Enforcing the smoking ban

The following is a sample Paper 3 that looks at a quasi-experiment which could also be considered a natural experiment. Below you will first find the stimulus piece, followed by the static questions.  A copy of the mock paper is included to give students as an in-class assessment.

Potential answers are included in the hidden boxes below.

Student copy

Stimulus piece

The following study by Hyland et al (2009) is a quasi-experiment using a longitudinal telephone survey of nationally representative samples of smokers and non-smokers aged 18 years or older in Scotland and the rest of the UK.

The aim of the study was to evaluate how Scotland's smoking ban impacted the lives of the average person in Scotland compared to the rest of the UK, where these laws were not yet in place. The goal was to look at exposure to secondhand smoke, attitudes toward the smoking ban and frequency of going to pubs and restaurants.
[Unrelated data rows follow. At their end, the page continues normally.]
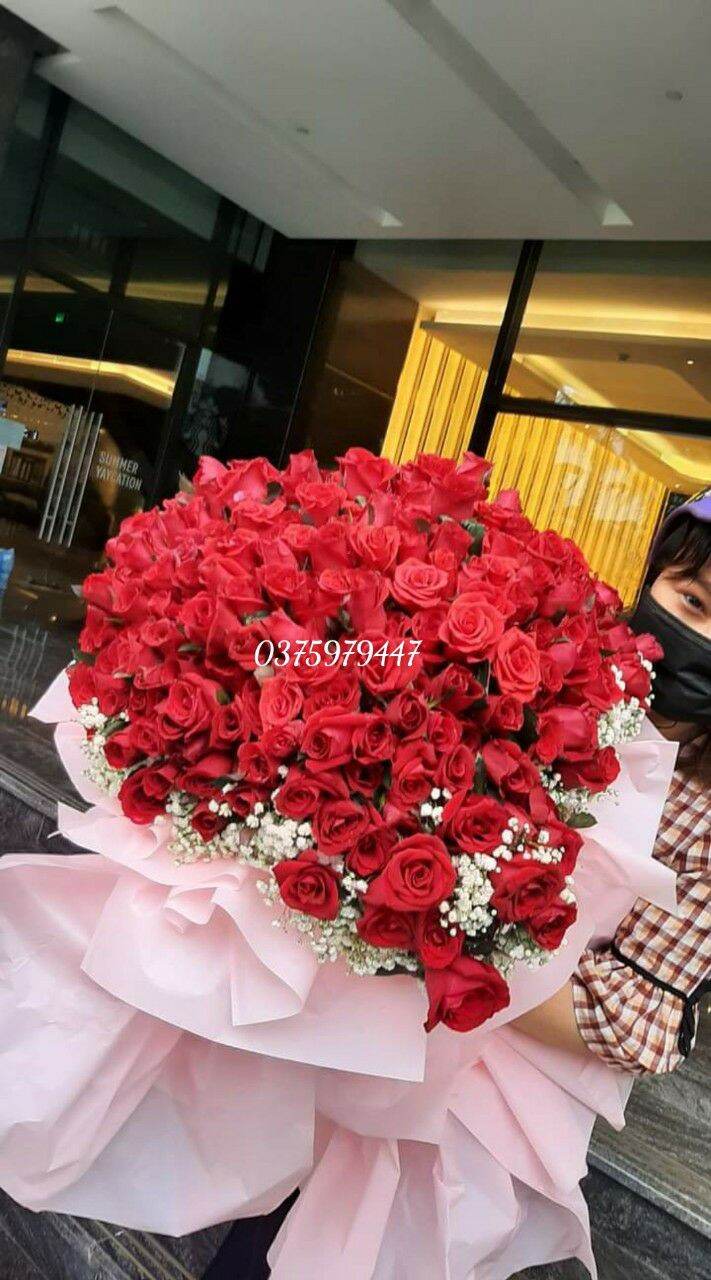 Bó hồng red rose fresh flowers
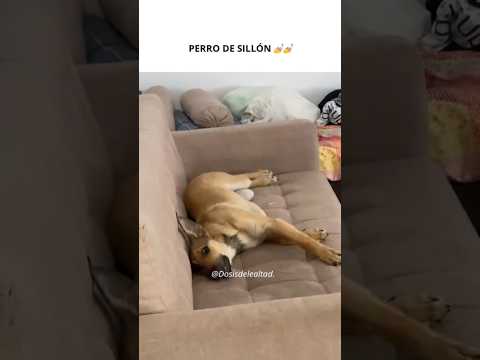 Perro de raza dudosa (??
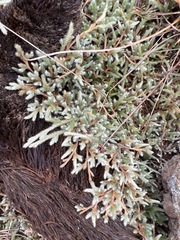 Selaginella dregei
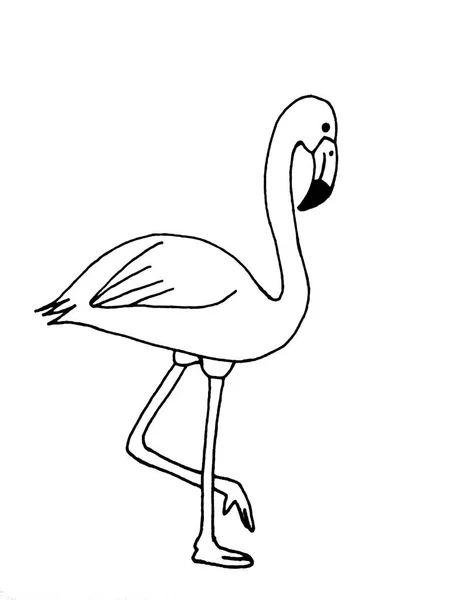 Cute Flamingo White Background Doodles — Stock Photo, Image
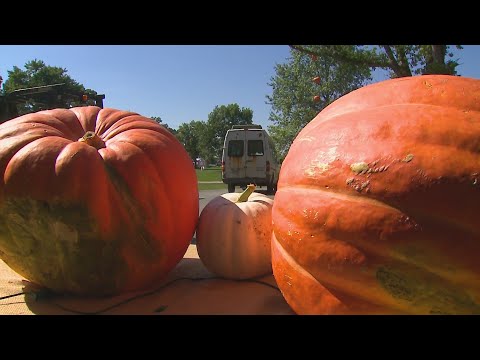 Great pumpkins take center stage at Lake Zurich's Jack-o-Lantern World - YouTube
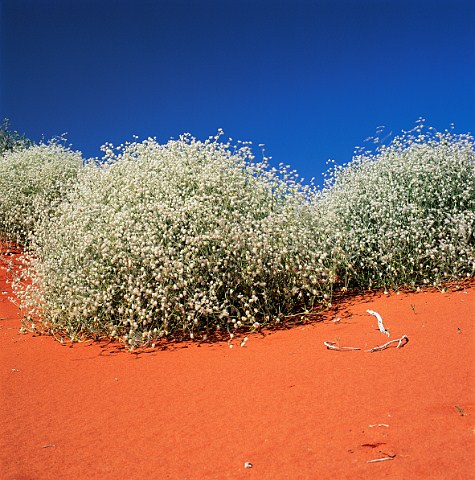 Tangle Mulla Mulla Ptilotus latifolius on orange   sand dune in Strzelecki Desert South Australia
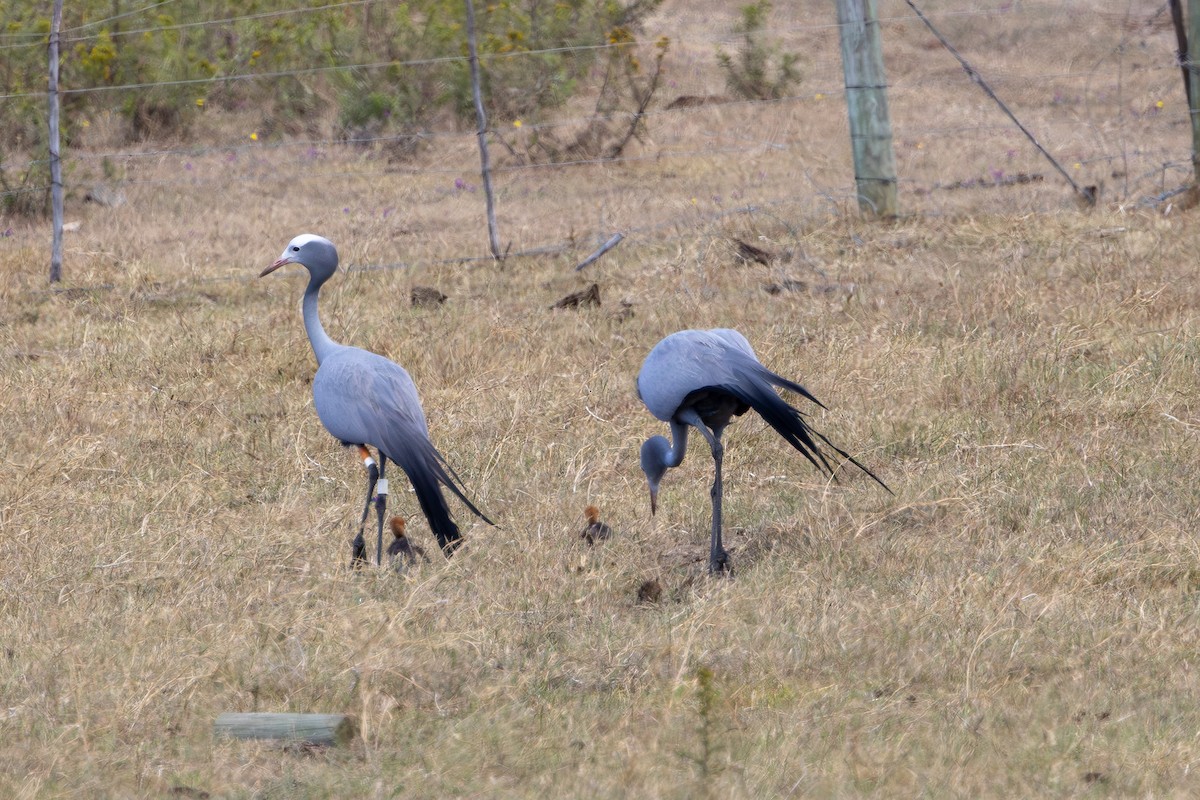 Blue Crane - ML646733404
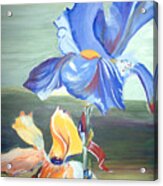 Blue And Yellow  Iris Acrylic Print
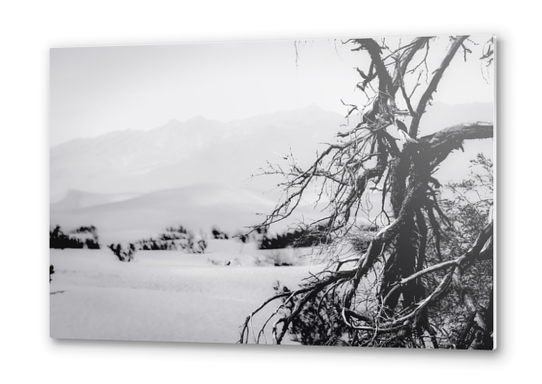 desert at Death Valley national park California in black and white Metal prints by Timmy333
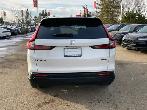2026 Honda CR-V Sport AWD - Photo 22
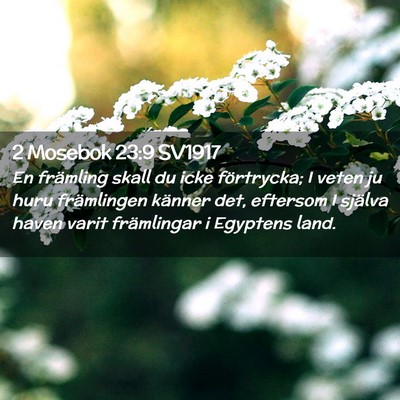 Picture 02 - 2 Mosebok 23:9 SV1917 - En främling skall du icke förtrycka; I veten ju - Bible Verse Picture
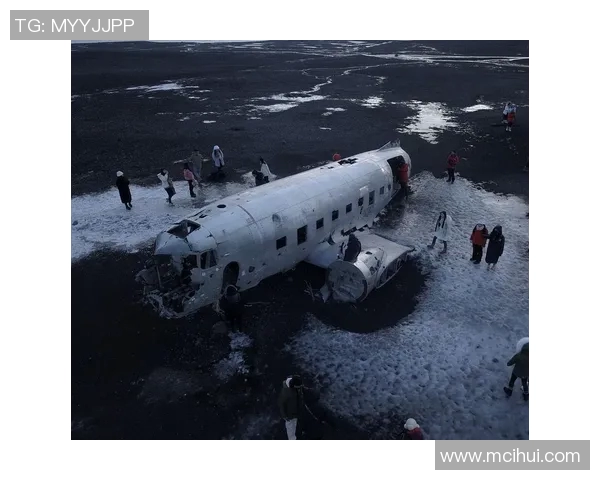 纽卡飞机事件引发墨尔本审理影响国际航空安全与法律争议 纽卡飞机事件引发墨尔本审理影响国际航空安全与法律争议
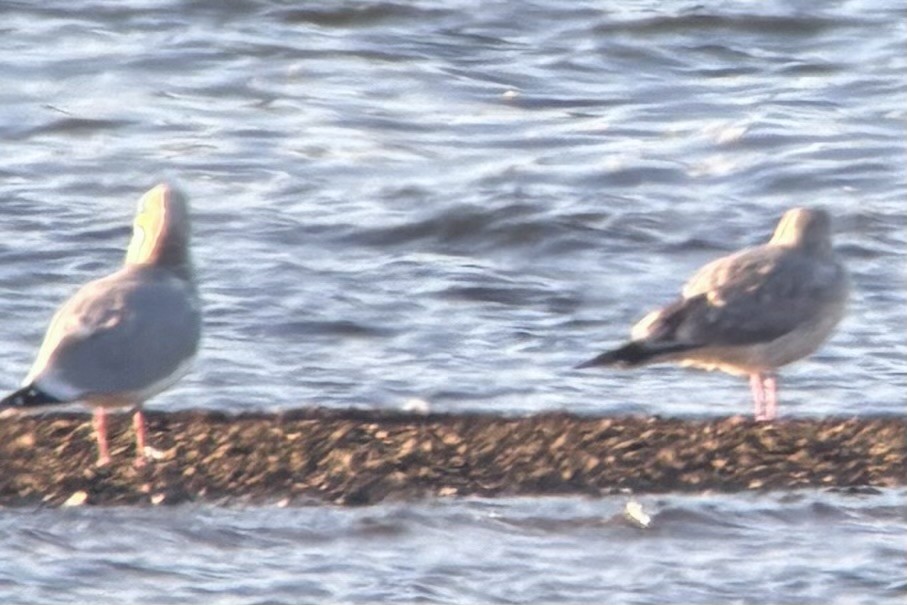 カモメ亜科 - ML649353665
The study carried out a telephone survey with a sample of 705 Scottish smokers and 417 non-smokers. In addition, surveys were carried out with 1027 smokers and 447 non-smokers in the rest of the UK where smoking in public places was not regulated at the time. Respondents were recruited by telephone numbers selected at random from the population of each country with the goal of representing all geographic districts.

Respondents were interviewed before the Scottish law (February to March 2006) and 1 year later after the law (March 2007).

The results showed a significant decline in smoking in pubs, restaurants and workplaces compared to the UK. In addition, support for the smoking ban increased to a greater extent in Scotland than in the rest of the UK. Although the self-reported frequency of going to pubs and restaurants was similar in Scotland and the rest of the UK, non-smokers in Scotland showed a significant increase in their frequency of going to pubs. There was no clear difference in smoking cessation observed - although this could be due to the length of the study. One year may not have been enough time to notice such effects of the law.

The researchers concluded that the Scottish smoking ban has been successful in decreasing secondhand smoke exposure while at the same time having no significant negative effect on pubs and restaurants.

Hyland, A., Hassan, L. M., Higbee, C., Boudreau, C., Fong, G. T., Borland, R., . . . Hastings, G. (2009). The impact of smoke-free legislation in Scotland: Results from the Scottish ITC Scotland/UK longitudinal surveys. The European Journal of Public Health, 19(2), 198-205. doi:10.1093/eurpub/ckn141

Questions

1a. Identify the method used and outline two characteristics of the method.

The researchers used a quasi-experimental method. This means that although there was an independent variable, it was not manipulated by the researcher.  In this, the IV was the imposition of the smoking ban.  One group (Scotland) had the IV and the other group (UK) served as the control.  As the place where one lived determined the group they were in, the participants could not be randomly allocated to conditions.  This is a second characteristic of quasi-experiments.

1b. Describe the sampling method used in the study.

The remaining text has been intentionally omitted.